Now, the aid which helps a man to help himself is not in the least akin to the aid which is given in charity. If alms are given, or if we "make work" for a man, or "give him employment," or "protect" him, we simply take a product from one and give it to another. If we help a man to help himself, by opening the chances around him, we put him in a position to add to the wealth of the community by putting new powers in operation to produce. It would seem that the difference between getting something already in existence from the one who has it, and producing a new thing by applying new labor to natural materials, would be so plain as never to be forgotten; but the fallacy of confusing the two is one of the commonest in all social discussions.

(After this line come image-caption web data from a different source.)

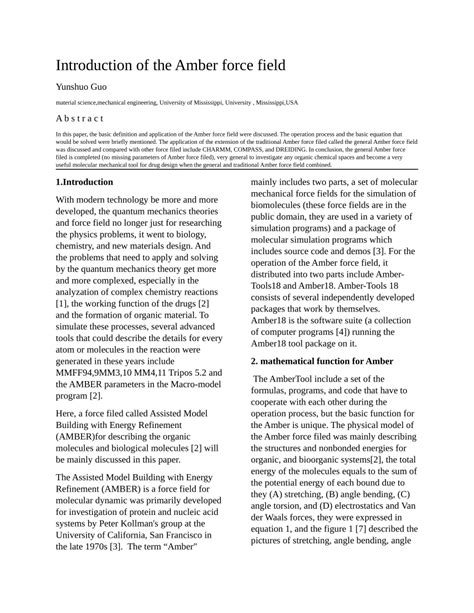 (PDF) Introduction of the Amber force field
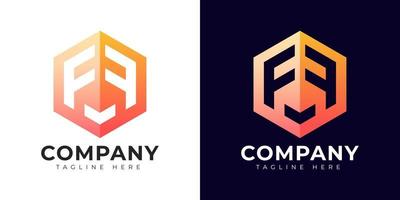 Modern gradient style letter f logo template. F letter design vector with colorful creative hexagon sign.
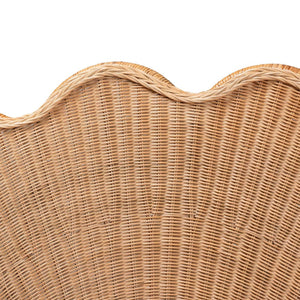 Baxton Studio bali Callias Natural Rattan Scalloped Headboard – Handcrafted Coastal Boho Design for Queen Beds WS152 Scalloped Natural Rattan-Queen-HB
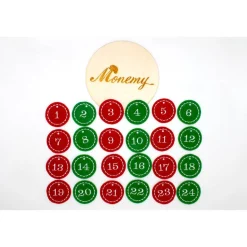 Adventskalenderzahlen rot grün Filz rund bestickt / Zahlen für Adventskalender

We have now seen that the current discussions about the claims and rights of social classes on each other are radically erroneous and fallacious, and we have seen that an analysis of the general obligations which we all have to each other leads us to nothing but an emphatic repetition of old but well-acknowledged obligations to perfect our political institutions. We have been led to restriction, not extension, of the functions of the state, but we have also been led to see the necessity of purifying and perfecting the operation of the state in the functions which properly belong to it. If we refuse to recognize any classes as existing in society when, perhaps, a claim might be set up that the wealthy, educated, and virtuous have acquired special rights and precedence, we certainly cannot recognize any classes when it is attempted to establish such distinctions for the sake of imposing burdens and duties on one group for the benefit of others.

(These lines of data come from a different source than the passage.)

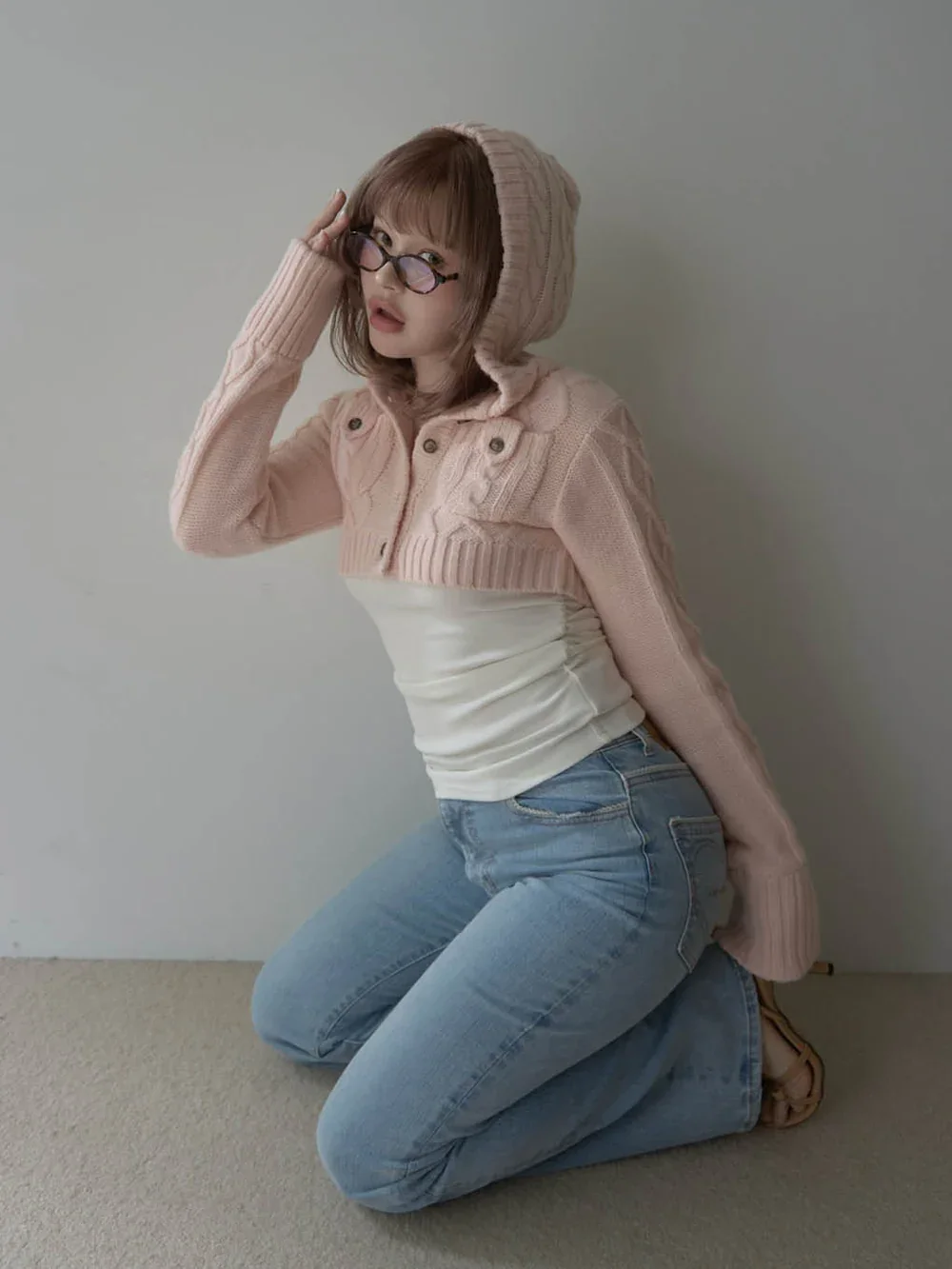 

Japanese Fashion Lady Autumn Winter Hooded Short Knitted Cardigans Coat Women Slimming Long Sleeve T-shirt Top (30days Shipped)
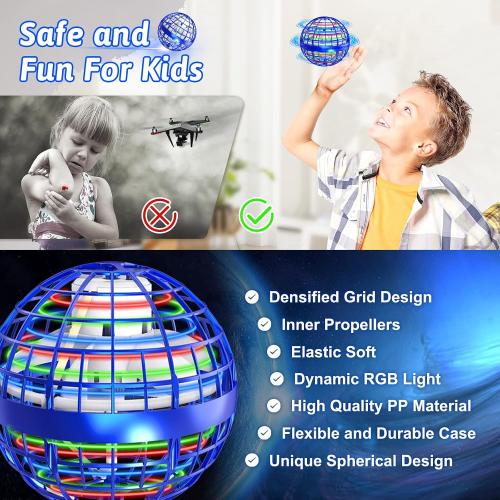 Flying Orb Ball Toys 2 Pack, Soaring Hover Boomerang Spinner Hand Controlled Mini Drone Cosmic Globe Spinning Kids Adults Outdoor Fly Toy Birthday Gift Cool Stuff for Boys Girls 6 7 8 9 10  Year Old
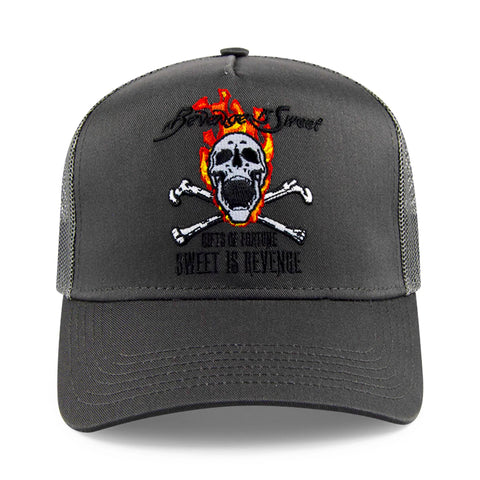 GIFTS OF FORTUNE SWEET IS REVENGE TRUCKER HAT GREY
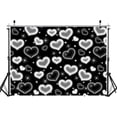 thumbnail image 4 of Red heart-shaped background fabric, 90s style photography backdrop, Valentine's Day decorative banner, birthday party props., 4 of 6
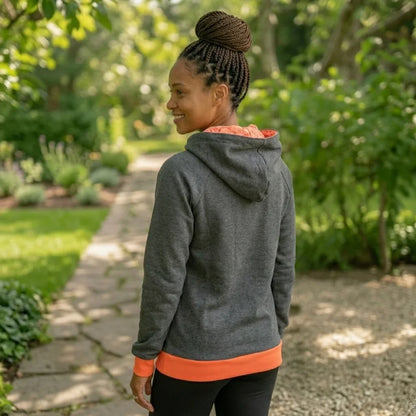 Dunkelgrauer Hoodie mit neonorangen Details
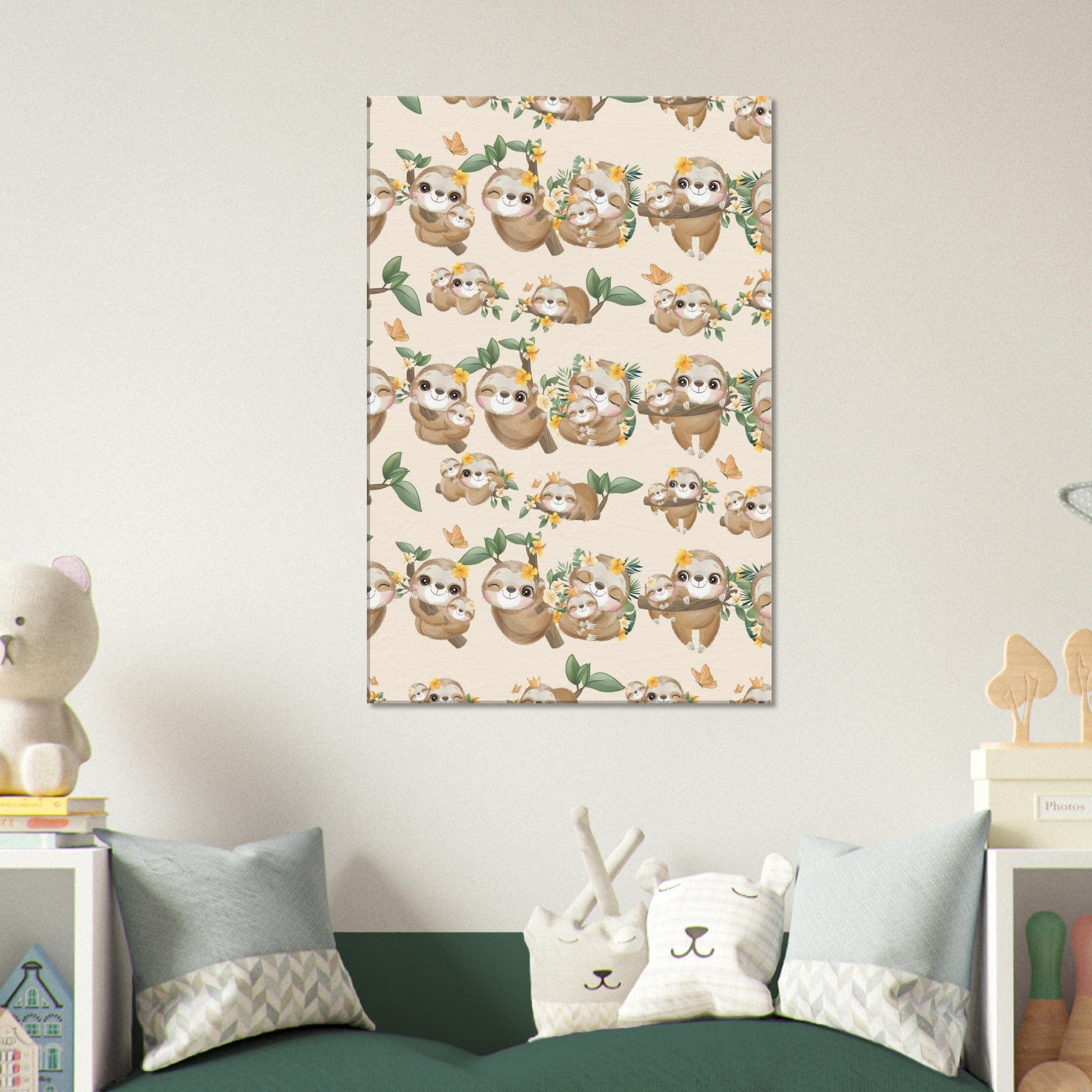 Little Squiffy Print Material 60x90 cm / 24x36″ / Vertical Cute Sloth Canvas Wall Art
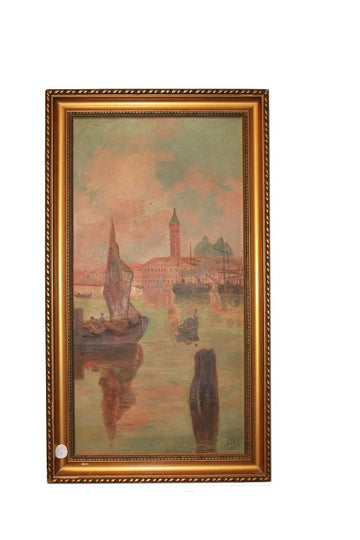 Oil on canvas from the early 1900s depicting a Venetian scene
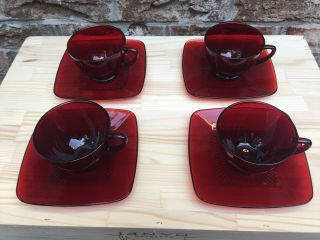 4 Vintage Anchor Hocking Ruby Red Depression Glass Tea Cups And Charm Saucers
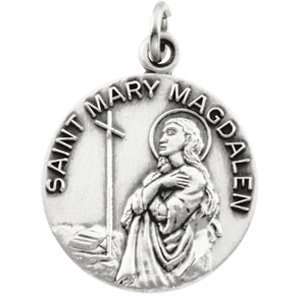    Sterling Silver St. Mary Magdalen Medal 18mm & Chain Jewelry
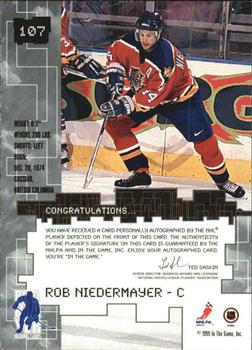 1999-00 Be a Player Millennium Signature Series - Autographs Gold #107 Rob Niedermayer Back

The men who have not done their duty in this world never can be equal to those who have done their duty more or less well. If words like wise and foolish, thrifty and extravagant, prudent and negligent, have any meaning in language, then it must make some difference how people behave in this world, and the difference will appear in the position they acquire in the body of society, and in relation to the chances of life. They may, then, be classified in reference to these facts. Such classes always will exist; no other social distinctions can endure.

If, then, we look to the origin and definition of these classes, we shall find it impossible to deduce any obligations which one of them bears to the other. The class distinctions simply result from the different degrees of success with which men have availed themselves of the chances which were presented to them. Instead of endeavoring to redistribute the acquisitions which have been made between the existing classes, our aim should be to increase, multiply, and extend the chances. Such is the work of civilization.

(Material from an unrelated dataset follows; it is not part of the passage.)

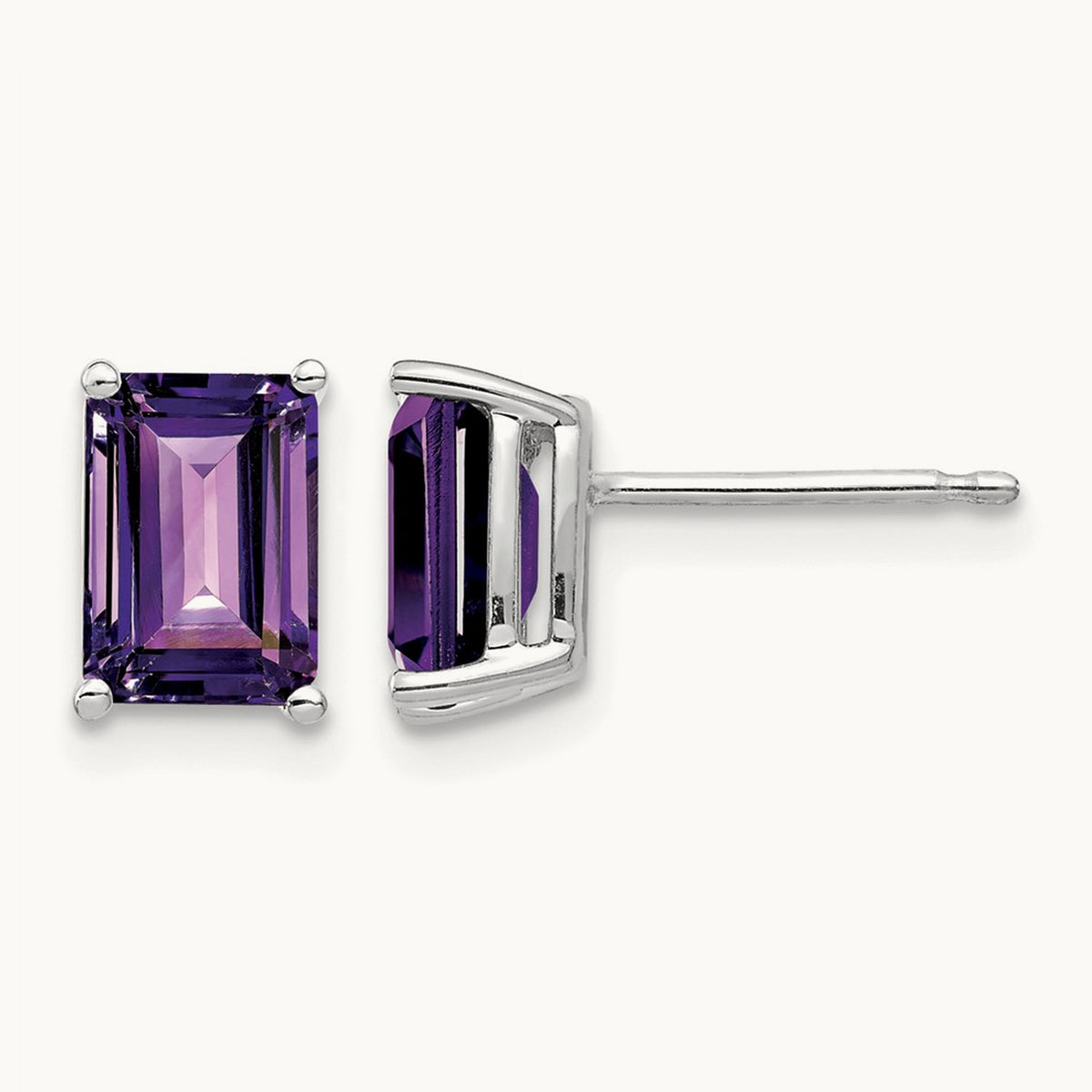 7x5mm Emerald Cut Amethyst Earrings, 14K White Gold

Every old error or abuse which is removed opens new chances of development to all the new energy of society. Every improvement in education, science, art, or government expands the chances of man on earth. Such expansion is no guarantee of equality. On the contrary, if there be liberty, some will profit by the chances eagerly and some will neglect them altogether. Therefore, the greater the chances the more unequal will be the fortune of these two sets of men. So it ought to be, in all justice and right reason.

The yearning after equality is the offspring of envy and covetousness, and there is no possible plan for satisfying that yearning which can do aught else than rob A to give to B; consequently all such plans nourish some of the meanest vices of human nature, waste capital, and overthrow civilization. But if we can expand the chances we can count on a general and steady growth of civilization and advancement of society by and through its best members. In the prosecution of these chances we all owe to each other goodwill, mutual respect, and mutual guarantees of liberty and security. Beyond this nothing can be affirmed as a duty of one group to another in a free state.